→ Description of the task
Every record must be restated exactly. Drop the images.

Image-caption web data

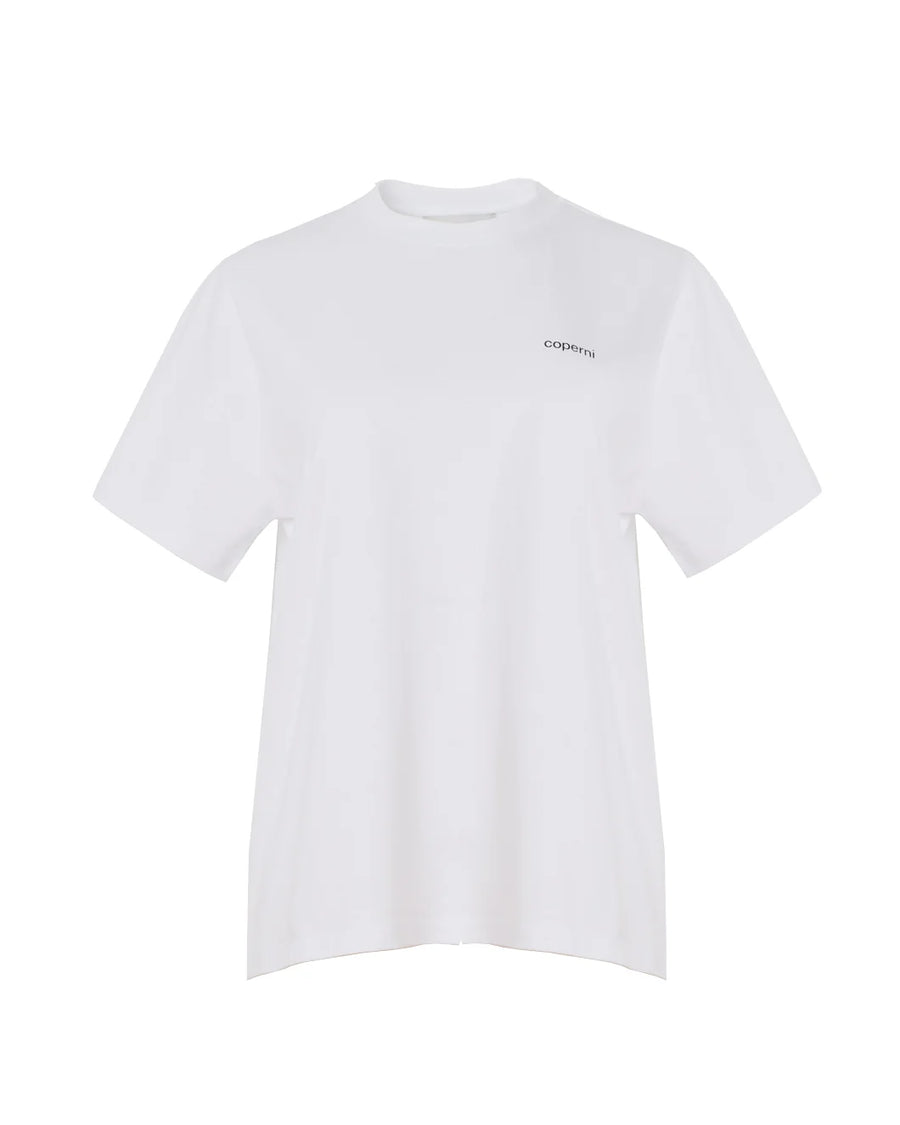 coperni Logo Boxy T-Shirt in Optic White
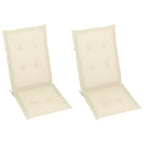vidaXL Rocking Chair Bamboo, Bamboo, Polyester Standard Durable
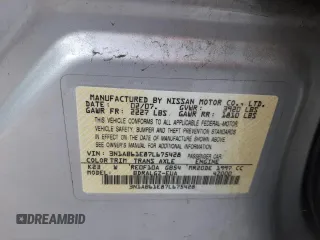 2007 Nissan Sentra 2.0 with VIN 3N1AB61E87L675428, listed as a Copart auction lot 41842035 with 115,651 mi miles and Salvage Title. Bid and sale history available at DreamBid. Image 12.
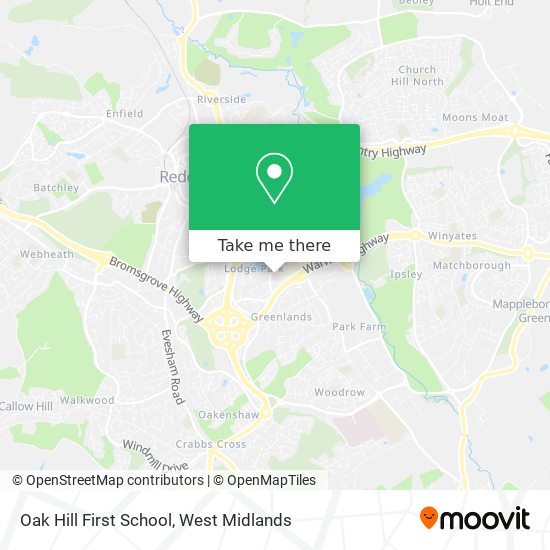 Oak Hill First School map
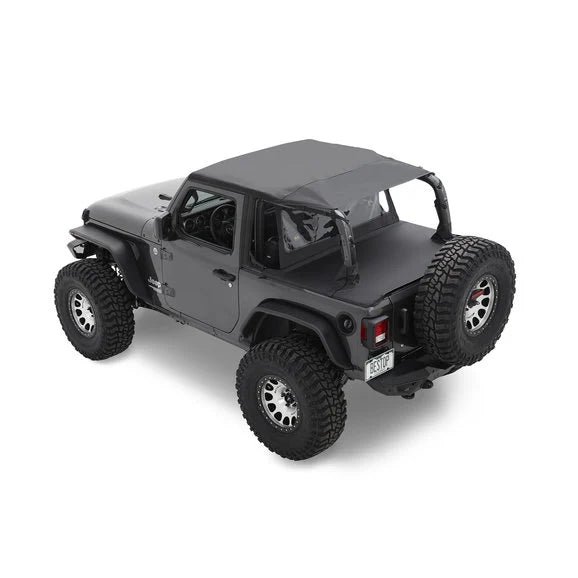 Bestop 80050-35 Windjammer in Black Diamond for 18-24 Jeep Wrangler JL 2-Door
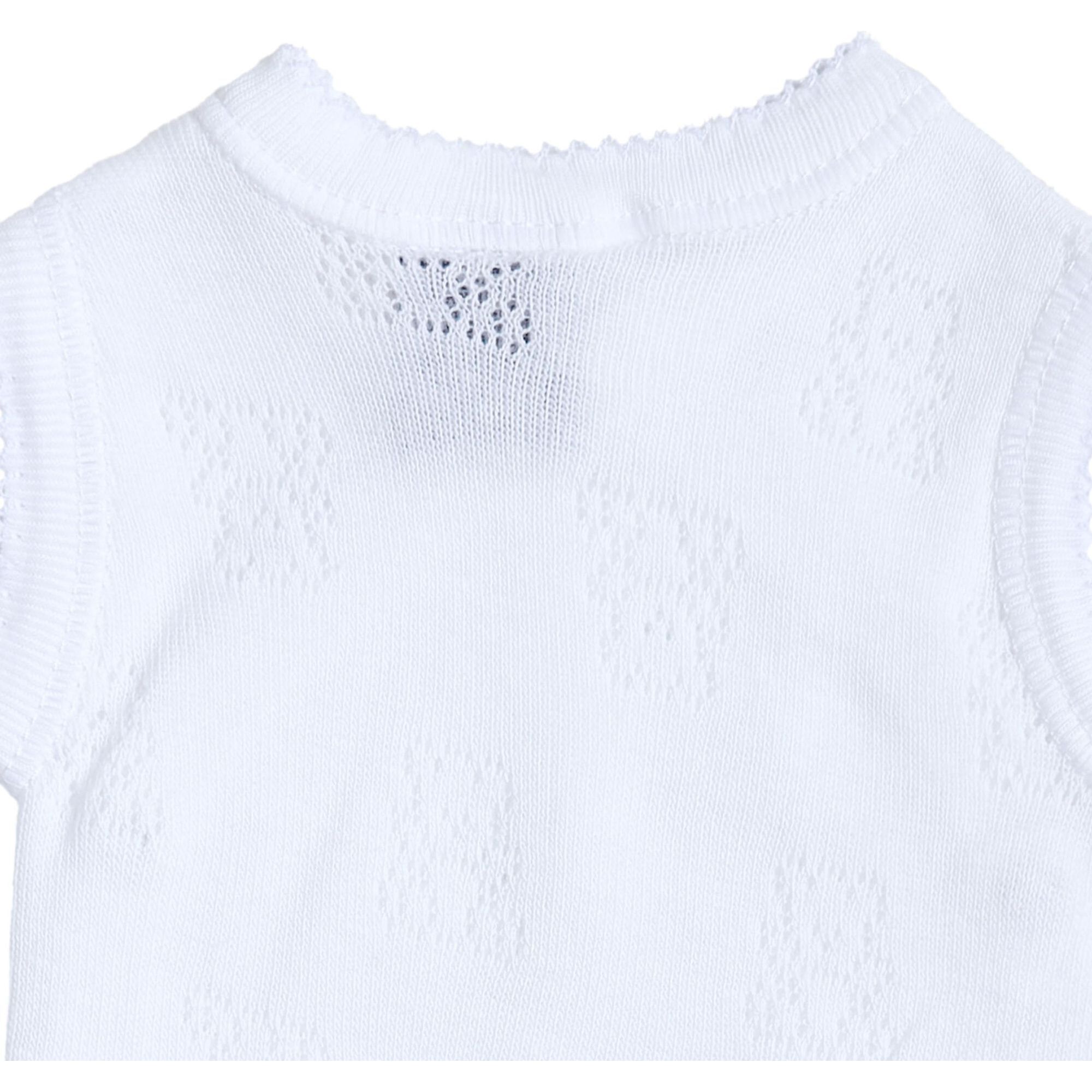 Body cruzado bebé tirantes calado ositos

→ Expected answer
 coperni Logo Boxy T-Shirt in Optic White
vidaXL Rocking Chair Bamboo, Bamboo, Polyester Standard Durable
 2007 Nissan Sentra 2.0 with VIN 3N1AB61E87L675428, listed as a Copart auction lot 41842035 with 115,651 mi miles and Salvage Title. Bid and sale history available at DreamBid. Image 12.
 Oak Hill First School map
 Bestop 80050-35 Windjammer in Black Diamond for 18-24 Jeep Wrangler JL 2-Door
 Body cruzado bebé tirantes calado ositos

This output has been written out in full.